Excerpts from a dataset:
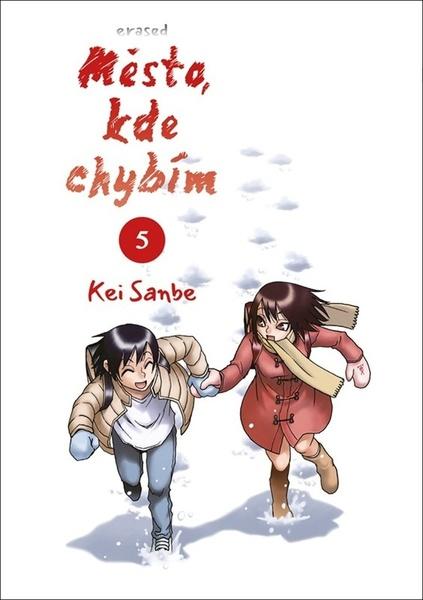 Město, kde chybím - 9788025259757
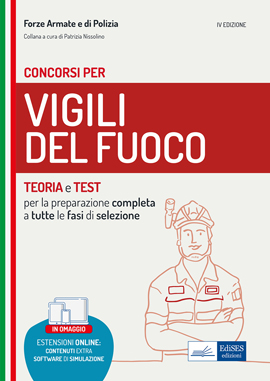 Manuale per i concorsi Vigili del Fuoco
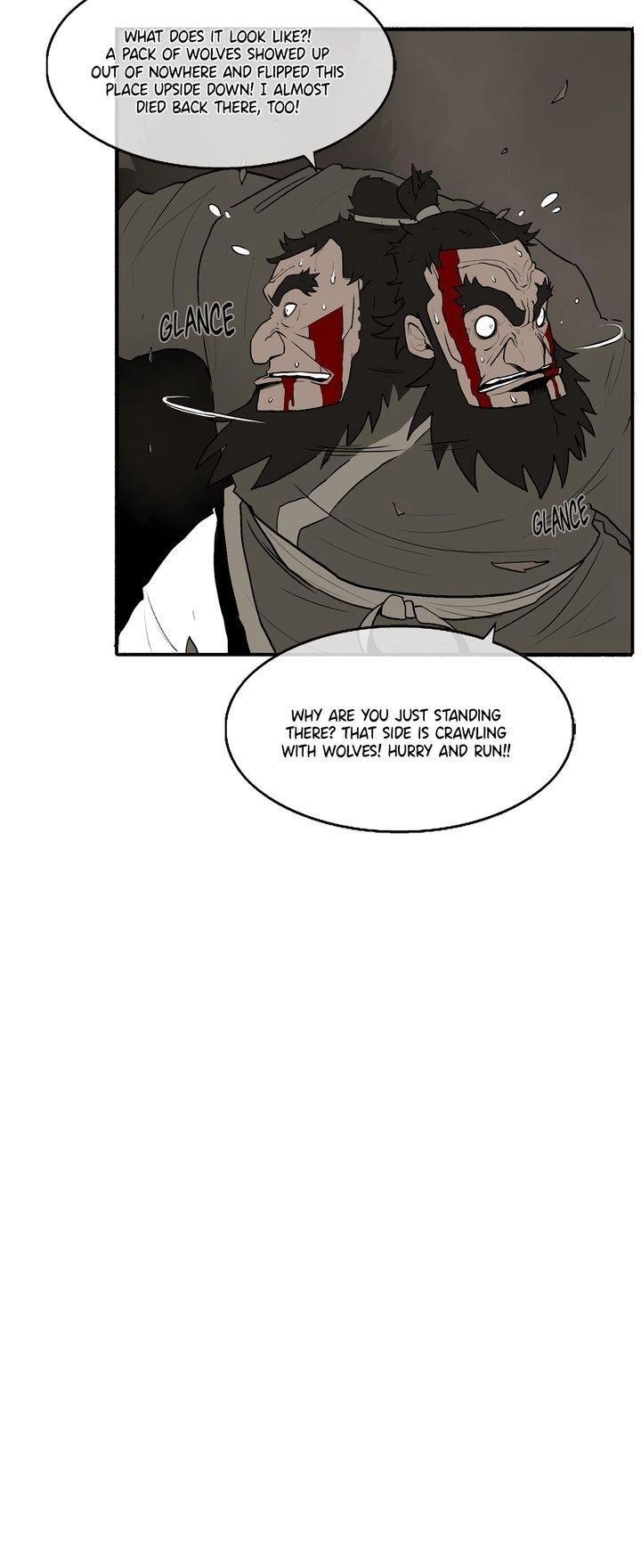 The Legend of the Northern Blade Chapter 12 Page 14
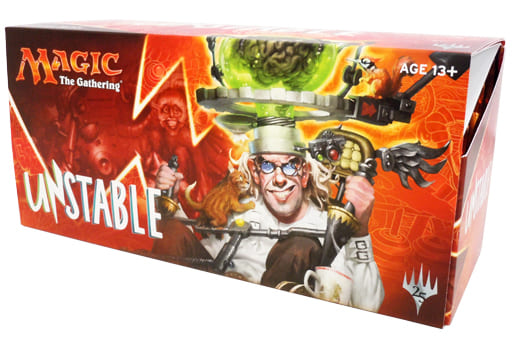 駿河屋 -<新品/中古>【BOX】MTG Unstable-アンステーブル- ブースター 駿河屋 -<新品/中古>【BOX】MTG Unstable-アンステーブル- ブースター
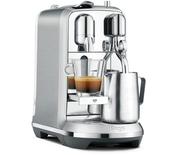 Sage The Creatista Plus Nespresso Steel | BNE800BSSUK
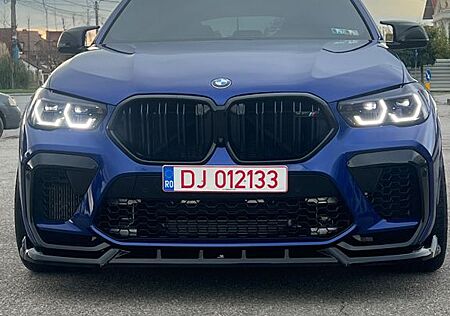 BMW X6 M Competition M Competition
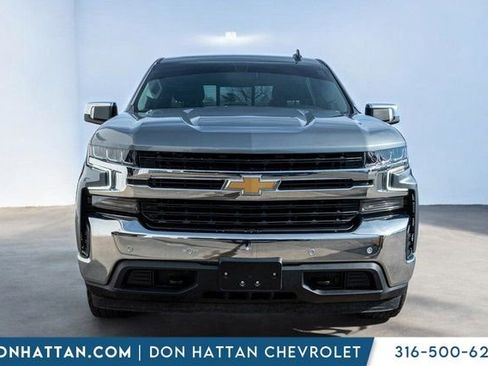 Used 2021 Chevrolet Silverado 1500 LT w/ Z71 Off-Road Package image 37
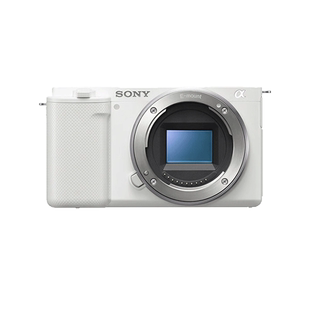 【自营】索尼/SONY ZV-E10 Vlog微单数码相机侧翻液晶屏4K直播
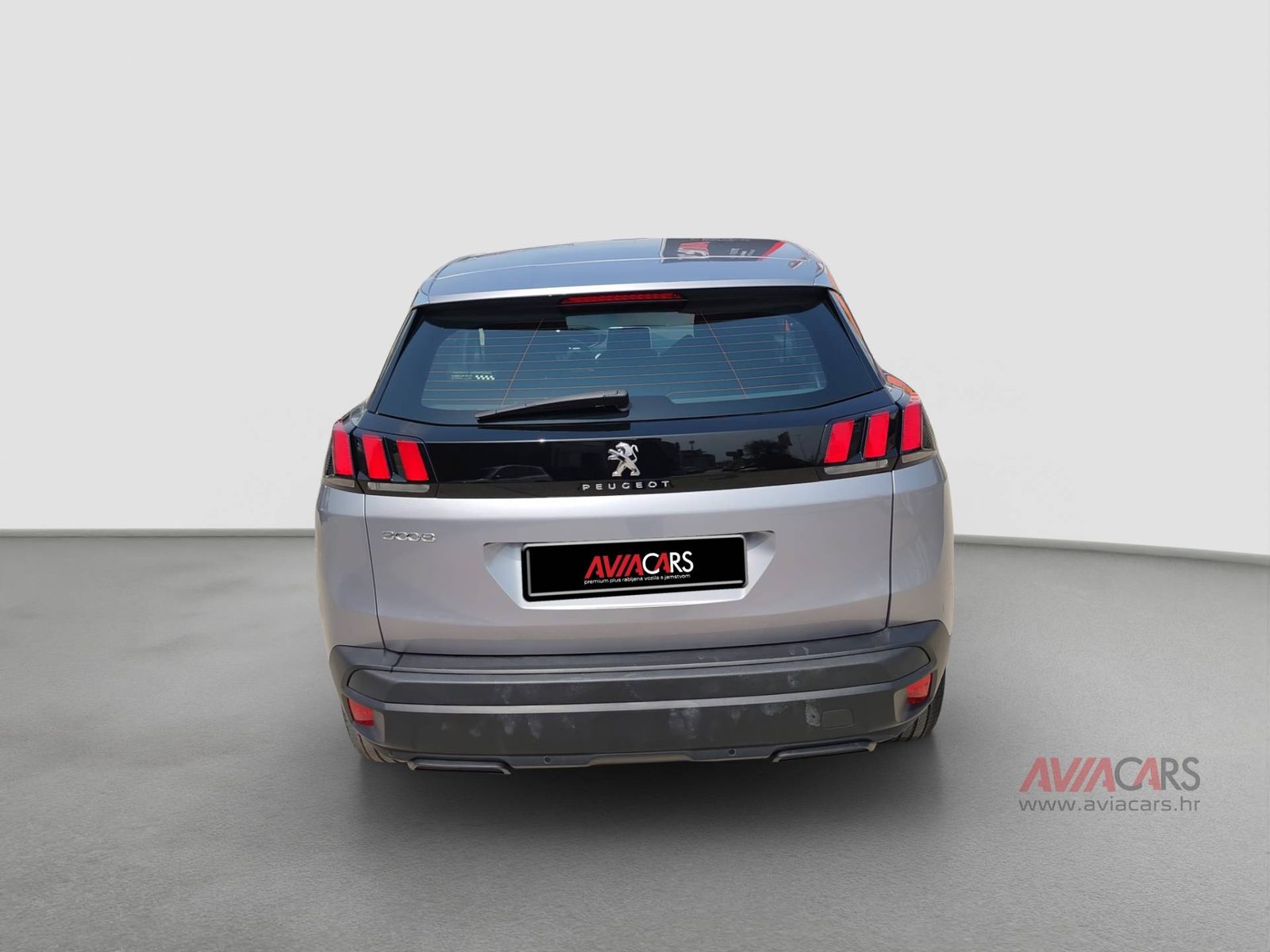 2024 Peugeot 3008 — fotografija 4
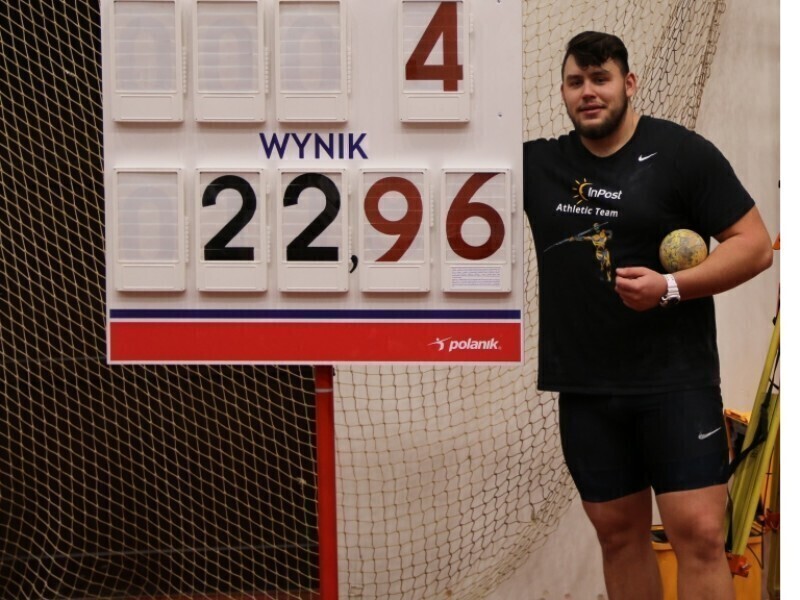 Rekord świata w Spale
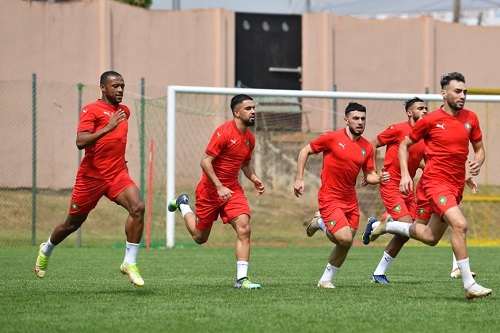 بغياب فجر وعودة مايي واستمرار إصابة علاكوش.. "الأسود" يحضرون لثمن نهائي "الكان"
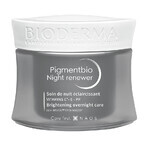 Bioderma Pigmentbio - Night Renewer Crema Viso Notte Anti-Macchie, 50ml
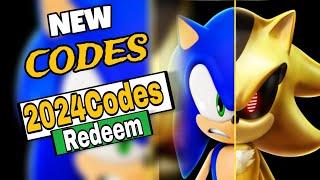 All *Secret* [Gold Egg 3] Sonic Speed Simulator Codes | Codes for [Gold Egg 3] Sonic Speed Simu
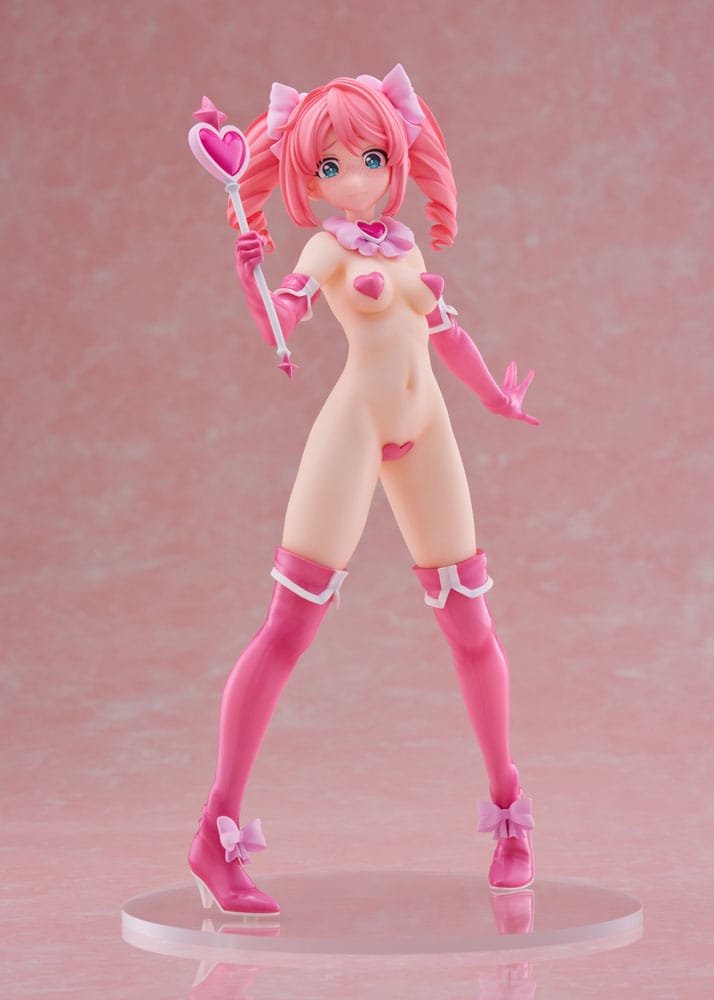 Gushing over Magical Girls PVC Statue 1/7 Magia Magenta 24 cm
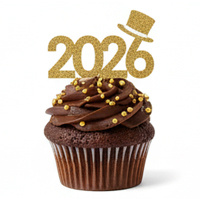 New Year Cupcakes 2048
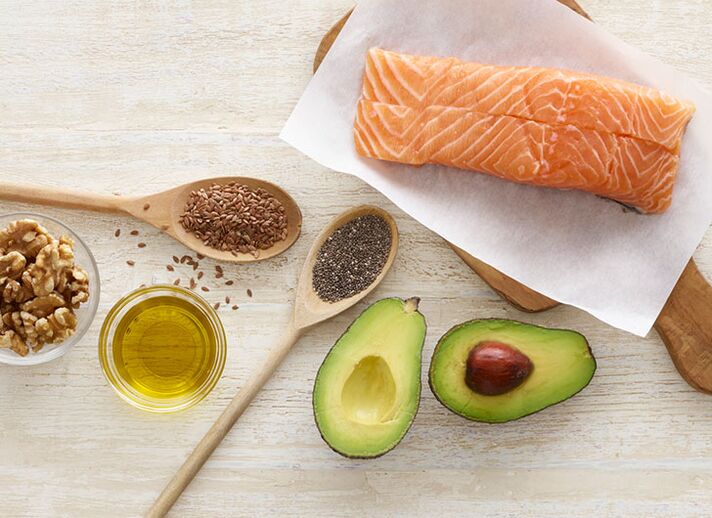 Produk Diet Keto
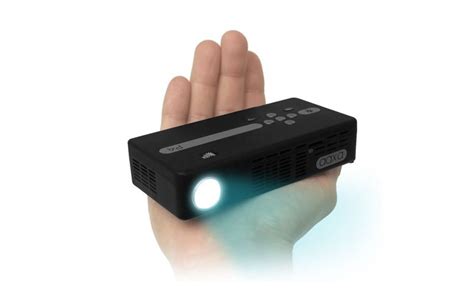 Aaxa P4-X Pico Projector Review | Pico Projector Reviews | Laptop Mag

Problem details: Can the entries above be repeated exactly, without their pictures?

Solution:
 Město, kde chybím - 9788025259757
 Manuale per i concorsi Vigili del Fuoco
 The Legend of the Northern Blade Chapter 12 Page 14
 駿河屋 -<新品/中古>【BOX】MTG Unstable-アンステーブル- ブースター 駿河屋 -<新品/中古>【BOX】MTG Unstable-アンステーブル- ブースター
 Sage The Creatista Plus Nespresso Steel | BNE800BSSUK
 BMW X6 M Competition M Competition
 Used 2021 Chevrolet Silverado 1500 LT w/ Z71 Off-Road Package image 37
 【自营】索尼/SONY ZV-E10 Vlog微单数码相机侧翻液晶屏4K直播
 2024 Peugeot 3008 — fotografija 4
 Rekord świata w Spale
 بغياب فجر وعودة مايي واستمرار إصابة علاكوش.. "الأسود" يحضرون لثمن نهائي "الكان"
 Bioderma Pigmentbio - Night Renewer Crema Viso Notte Anti-Macchie, 50ml
 All *Secret* [Gold Egg 3] Sonic Speed Simulator Codes | Codes for [Gold Egg 3] Sonic Speed Simu
 Gushing over Magical Girls PVC Statue 1/7 Magia Magenta 24 cm
 New Year Cupcakes 2048
 Produk Diet Keto
 Aaxa P4-X Pico Projector Review | Pico Projector Reviews | Laptop Mag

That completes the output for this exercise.